Here is a listing, set out below; repeat its lines from the one with "Ansichtkaart 'VW busje kerstkaart', A6" to the last, both included, and leave out the pictures.
(Given data Opens)
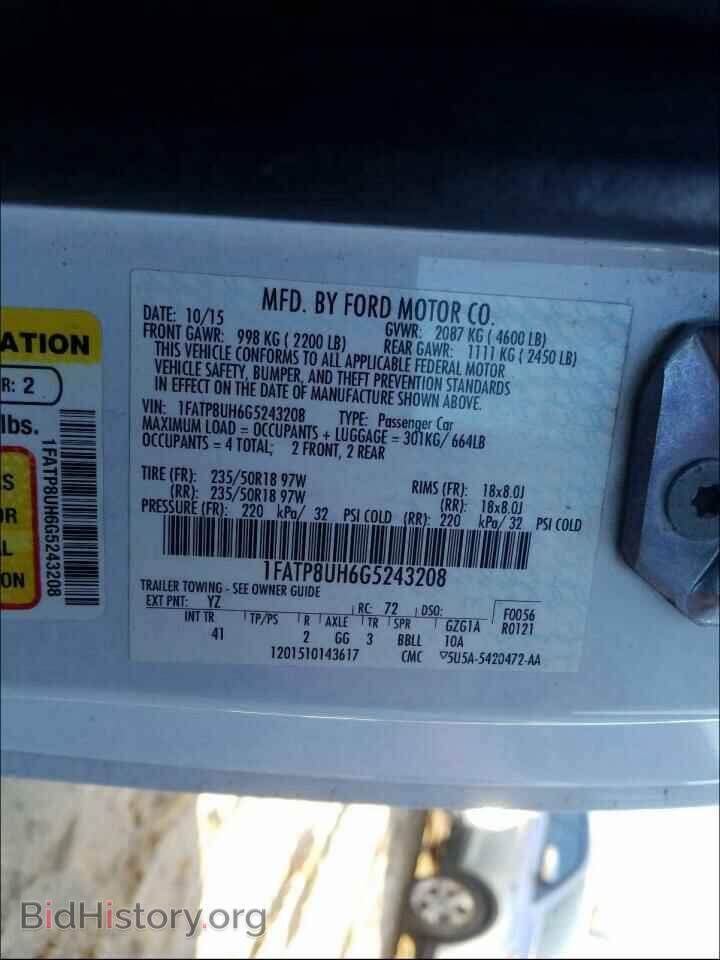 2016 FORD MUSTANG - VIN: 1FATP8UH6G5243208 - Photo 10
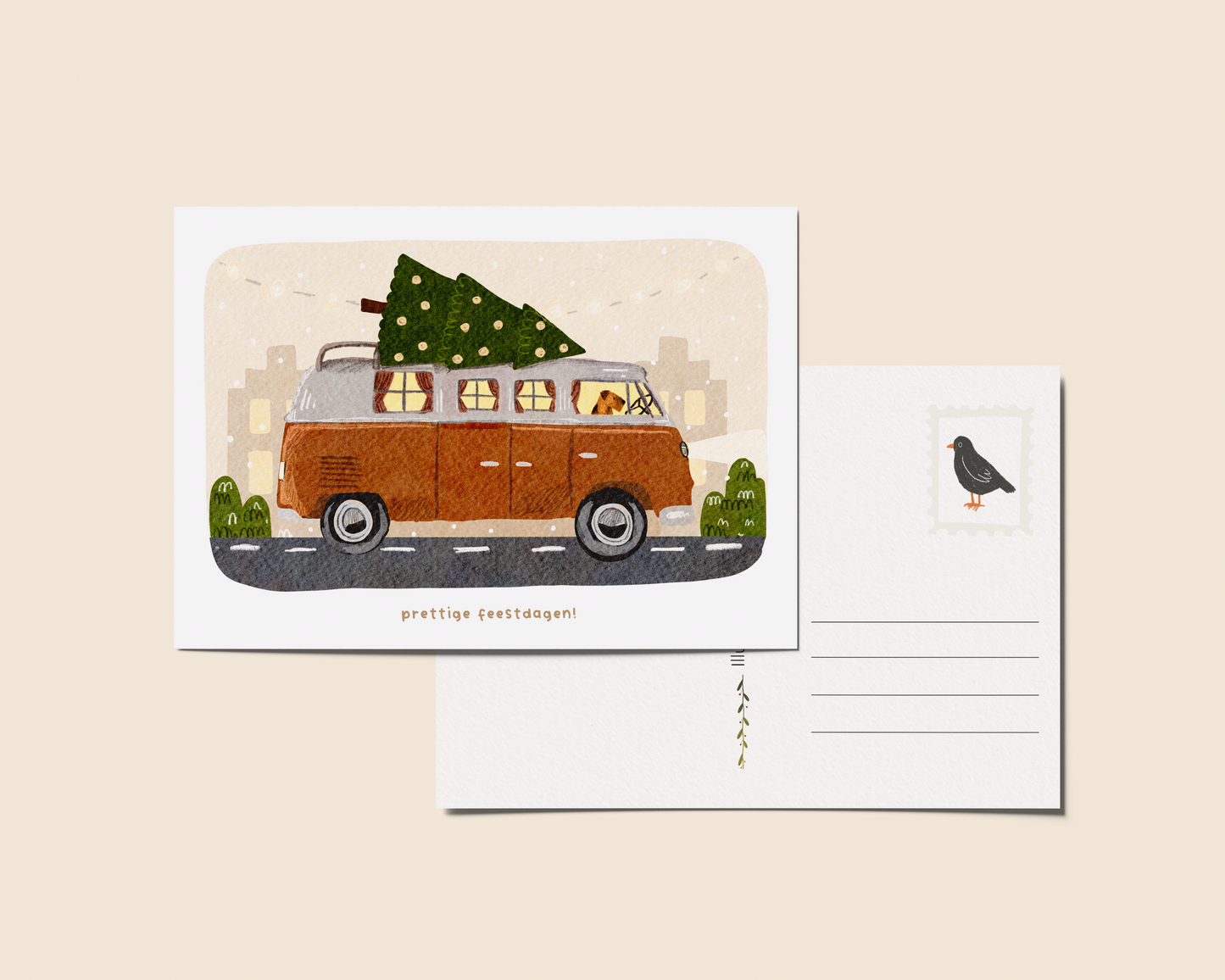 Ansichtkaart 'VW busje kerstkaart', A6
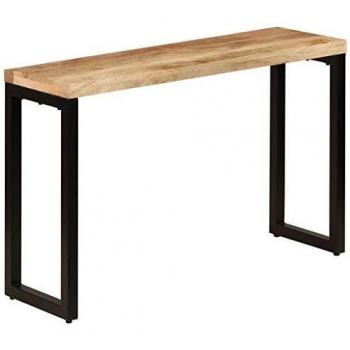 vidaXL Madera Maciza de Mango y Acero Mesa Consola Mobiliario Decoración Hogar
(Given data Closes)
■ Output of the exercise:
 Ansichtkaart 'VW busje kerstkaart', A6
 vidaXL Madera Maciza de Mango y Acero Mesa Consola Mobiliario Decoración Hogar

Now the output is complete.